Due to the continued tensions between Washington and Tehran, fuel prices in the United States spiked in early January 2020. At the start of the year, the average retail price of diesel was roughly 3.069 USD/gallon. The rates declined in the third week of the month as global crude oil prices fell following the outbreak of coronavirus. A declining trend ensued in the US from January to May 2020, when the price was at an all-time low of 2.386 USD/gal. Prices remained relatively stable throughout the year and only began to climb in November 2020. The world was finally waking up from its state-sanctioned coma and the drive to reclaim the lost time and energy was at its apex. In November, the price of fuel was 2.283 USD a gallon.
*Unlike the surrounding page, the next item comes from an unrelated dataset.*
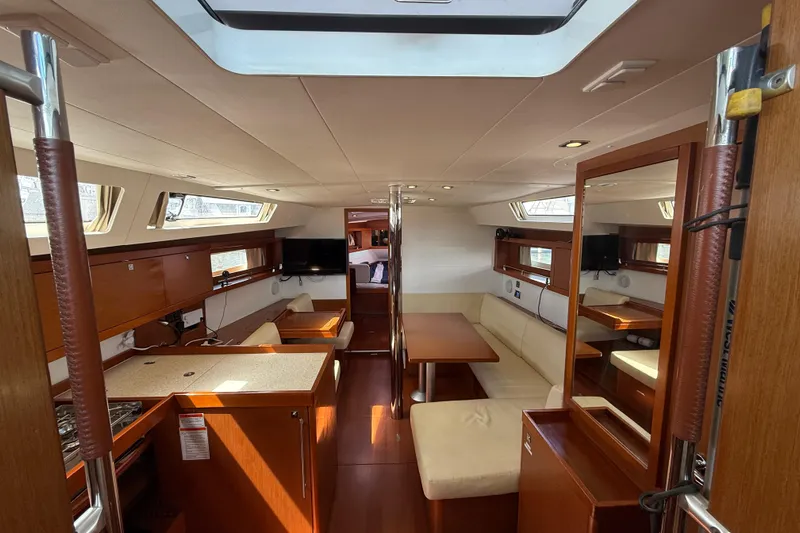 Wind Waker Yacht Photos Pics Interior of 2013 Beneteau Oceanis 41 yacht, featuring elegant wood finishes and spacious seating.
While diesel was cheaper in practically every country of Europe in the early months of 2020, the price of fuel steadily increased by the end of the year. Diesel was the most expensive in Sweden (1.5 GBP/L) and cheapest in Bulgaria (0.5 GBP/L). Germany's price at 1.25 GBP/L, were in the midst of the two. The cheap cost can be attributed to the world economy abruptly grinding to a halt.
In 2020, the prices declined by 13% compared to the previous year in Brazil. This decrease took place, as in other countries, because of the pandemic related global decline in the cost of crude oil.
Procurement Resource provides latest prices of Diesel. Each price database is tied to a user-friendly graphing tool dating back to 2014, which provides a range of functionalities: configuration of price series over user defined time period; comparison of product movements across countries; customisation of price currencies and unit; extraction of price data as excel files to be used offline.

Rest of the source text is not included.